Jim Righeimer says that ritual is when he gets a chance to bring it all together. It’s a time to think about what to work on, what might’ve gone badly that week and perhaps what he must do in the coming days. He describes it as making “an inventory count” in his mind.
Prayer, he says, is what helps him deal with the duties of an elected official that, while winning him some support for his causes, also brings the inevitable backlash of political and personal disagreement, even vitriol, with it.
When people ask him how he deals with berating public comments during City Council meetings — which sometimes go for two hours — he answers: “I go to church on Sunday. After communion, I just pray.”
May God “give me wisdom,” he says, “help me make the right decisions, help me do what’s right, as painful as the cause may be.”
Ever since Righeimer’s election to City Hall in 2010, the 54-year-old Mesa Verde resident has been the central figure in Costa Mesa’s political landscape. Such status, as his prayer suggests, can be painful.
The road to reform that he and his colleagues seek for the City of the Arts has been that way. They want to control city spending. Address employee pension liabilities. Reinvest in capital improvement projects. Enact a city charter to make such things happen.
These are worthy causes, Righeimer supporters say.
But what of his dissenters? Among them are grass-root types, community activists and organized labor leaders.
They disagree with his blunt governing style, disapprove of his hard-line tactics and question his decision to sound the fiscal alarm that led to proposed cuts in the first place. Some just plain don’t like him.
They make such views known each Tuesday night the five council members meet, and in seemingly endless online comment streams and letters to the editor.
But there’s a majority, the new mayor and his supporters say, who quietly support the policy changes. They say conservative members of the community constantly reassure them that they are doing the right thing to repair the city.

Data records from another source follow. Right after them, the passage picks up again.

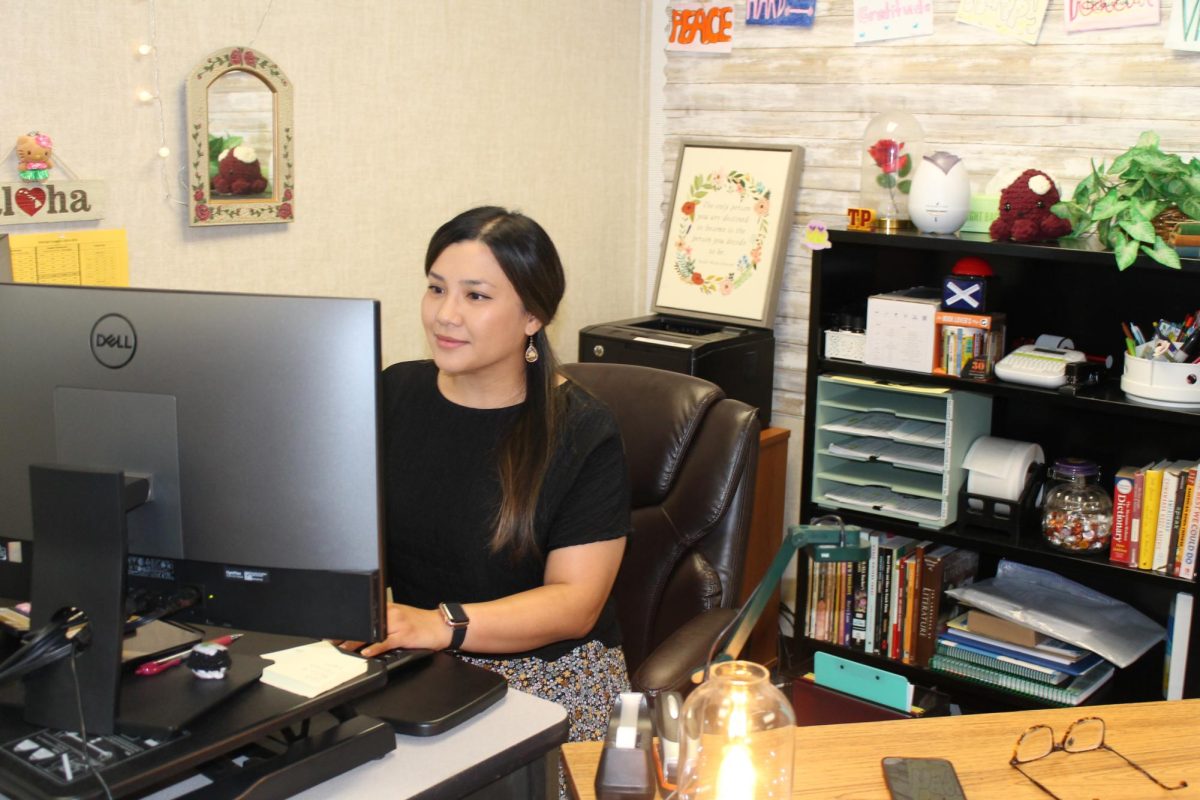 Fraline Vargas, ELD and freshman English teacher, works on the computer before class. Books, pens and decorations fill the shelf behind her. 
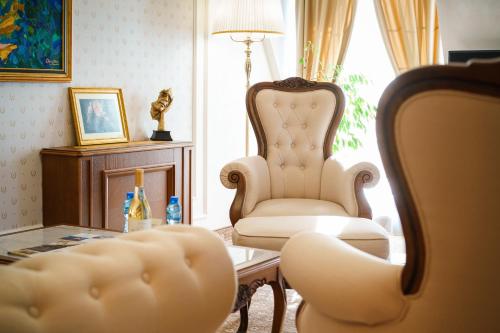 a living room with a chair and a table at Residence City Garden - Certificate of Excellence Top 10 BEST Five-Stars City Hotels for 2024 awarded by HTIF in Plovdiv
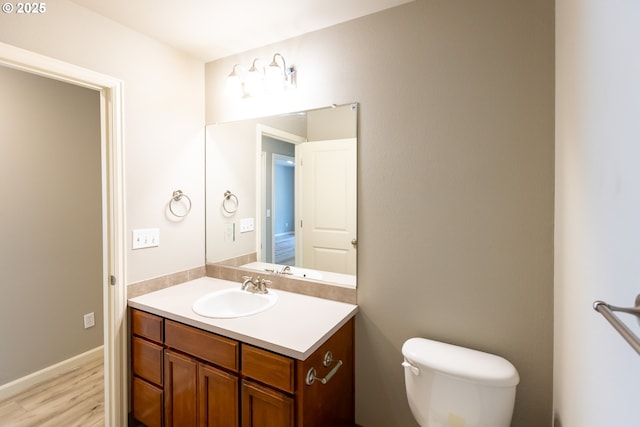 bathroom with wood finished floors, vanity, and toilet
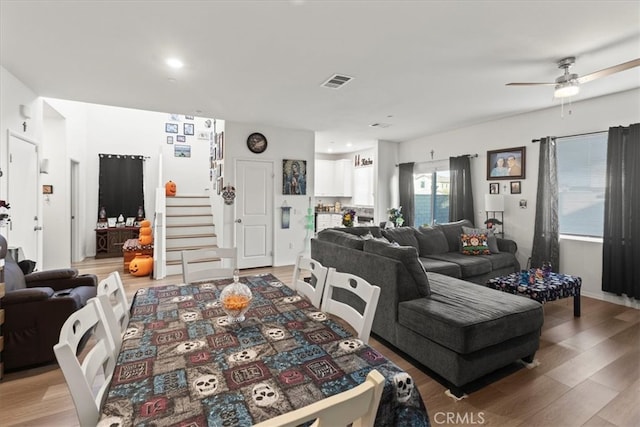 living room with hardwood / wood-style flooring and ceiling fan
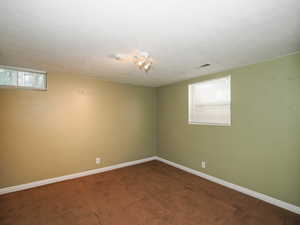 Empty room featuring a textured ceiling and carpet flooring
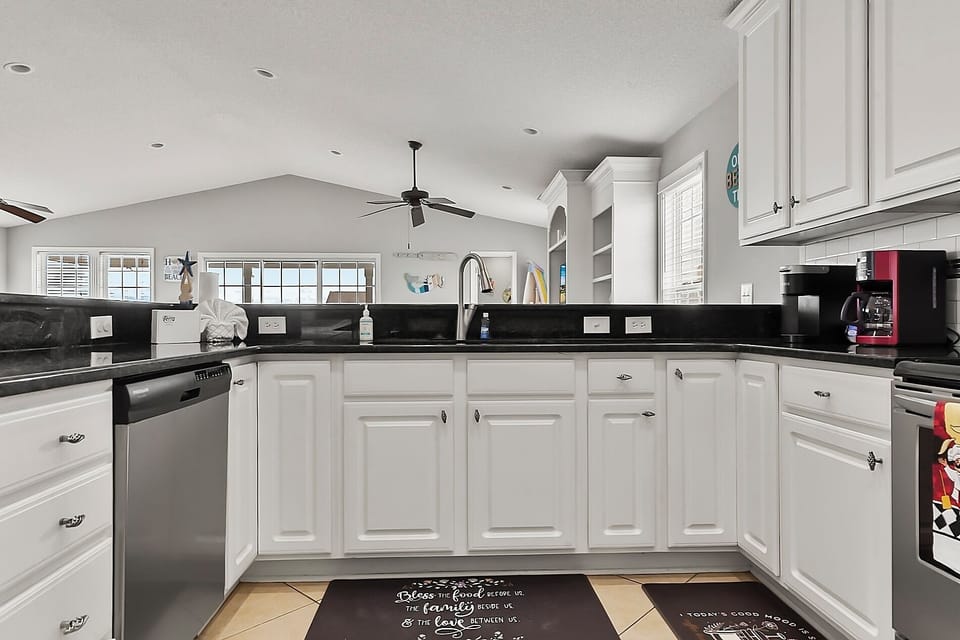 Open kitchen area with tons of counter space, multiple coffee makers, dishwasher, and more!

“It’s not a God thing, and it’s not a religious thing, but it’s definitely how I was raised,” Righeimer says. “Once you know, once this has been brought to you and you’re here to fix it, your job isn’t to just walk away and let it somehow fix itself, especially when you’ve been around and you realize no one else is gonna fix it.
“Maybe that’s why you’re here to do this. You need to do it, and you need to take responsibility for doing it.”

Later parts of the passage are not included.